H. Le recours de droit
public formé au Tribunal fédéral contre la décision cantonale a été rejeté par
arrêt du 7 octobre 1993.
I. Flavio Luparia a
déposé le 24 novembre 1994 une nouvelle demande de permis de construire pour un
projet d'immeuble d'habitation relativement semblable à celui ayant fait l'objet
de l'arrêt du Tribunal fédéral du 7 octobre 1993. Le nouveau projet est
cependant composé d'un seul corps de bâtiment et sa longueur a été réduite de
25 mètres à 23,90 mètres. Il comporte un parking enterré de quatorze places
avec cinq places de stationnement à l'extérieur. Le projet comprend un logement
de trois pièces, deux appartements de deux pièces et demie et un d'une pièce et
demie au rez-de-chaussée, un appartement de trois pièces et de trois logements
de deux pièces et demie au premier et au deuxième étages, ainsi qu'un
appartement de quatre pièces et demie et trois appartements de trois pièces et
demie tous en duplex au niveau des combles et des surcombles.
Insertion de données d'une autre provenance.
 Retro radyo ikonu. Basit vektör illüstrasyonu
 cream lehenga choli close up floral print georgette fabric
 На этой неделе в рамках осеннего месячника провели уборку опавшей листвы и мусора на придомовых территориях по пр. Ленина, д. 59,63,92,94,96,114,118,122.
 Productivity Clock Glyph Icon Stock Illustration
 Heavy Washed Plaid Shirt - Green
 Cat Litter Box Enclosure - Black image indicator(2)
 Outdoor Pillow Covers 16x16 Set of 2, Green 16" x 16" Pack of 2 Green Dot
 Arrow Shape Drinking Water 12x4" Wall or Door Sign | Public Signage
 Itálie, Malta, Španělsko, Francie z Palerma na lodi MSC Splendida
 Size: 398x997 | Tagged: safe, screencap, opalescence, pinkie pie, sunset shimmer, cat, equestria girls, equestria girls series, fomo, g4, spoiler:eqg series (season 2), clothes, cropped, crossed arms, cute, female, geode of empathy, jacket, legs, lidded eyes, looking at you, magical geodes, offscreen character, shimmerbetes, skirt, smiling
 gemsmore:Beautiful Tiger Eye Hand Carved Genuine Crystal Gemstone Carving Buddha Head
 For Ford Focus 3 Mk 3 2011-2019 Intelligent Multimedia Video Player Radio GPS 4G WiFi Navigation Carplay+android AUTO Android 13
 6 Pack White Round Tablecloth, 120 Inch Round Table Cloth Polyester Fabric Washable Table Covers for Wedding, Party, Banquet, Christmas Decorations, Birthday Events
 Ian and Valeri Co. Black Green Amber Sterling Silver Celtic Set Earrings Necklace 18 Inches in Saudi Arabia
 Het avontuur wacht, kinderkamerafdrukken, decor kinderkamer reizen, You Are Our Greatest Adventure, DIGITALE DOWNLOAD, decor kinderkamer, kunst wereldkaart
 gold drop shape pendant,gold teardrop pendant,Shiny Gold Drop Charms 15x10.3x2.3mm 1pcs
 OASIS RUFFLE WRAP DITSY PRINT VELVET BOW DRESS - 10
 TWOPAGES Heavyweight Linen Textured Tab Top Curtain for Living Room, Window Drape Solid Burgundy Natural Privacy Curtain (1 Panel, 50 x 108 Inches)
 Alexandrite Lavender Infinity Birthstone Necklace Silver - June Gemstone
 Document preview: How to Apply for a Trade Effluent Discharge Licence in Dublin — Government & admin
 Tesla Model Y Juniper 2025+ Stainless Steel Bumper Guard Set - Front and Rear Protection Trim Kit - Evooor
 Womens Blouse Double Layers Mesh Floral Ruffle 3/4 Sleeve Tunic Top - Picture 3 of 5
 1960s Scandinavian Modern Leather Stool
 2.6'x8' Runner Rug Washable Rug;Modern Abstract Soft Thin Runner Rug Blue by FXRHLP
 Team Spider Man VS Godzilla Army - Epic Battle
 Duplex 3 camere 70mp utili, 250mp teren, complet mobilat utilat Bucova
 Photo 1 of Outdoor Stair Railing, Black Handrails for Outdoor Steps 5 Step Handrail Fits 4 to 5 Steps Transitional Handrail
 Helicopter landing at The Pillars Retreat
La toiture
comporte quatre lucarnes imposantes qui éclairent à la fois le niveau des combles
et des surcombles, et onze ouvertures sous forme de châssis rampant
(tabatière). Le projet a été mis à l'enquête publique du 16 décembre 1994 au 16
janvier 1995. Par décision du 31 janvier 1995 la municipalité a levé les
oppositions et délivré le permis de construire.
Pierre Dubuis et six
consorts ont recouru contre cette décision auprès du Tribunal administratif.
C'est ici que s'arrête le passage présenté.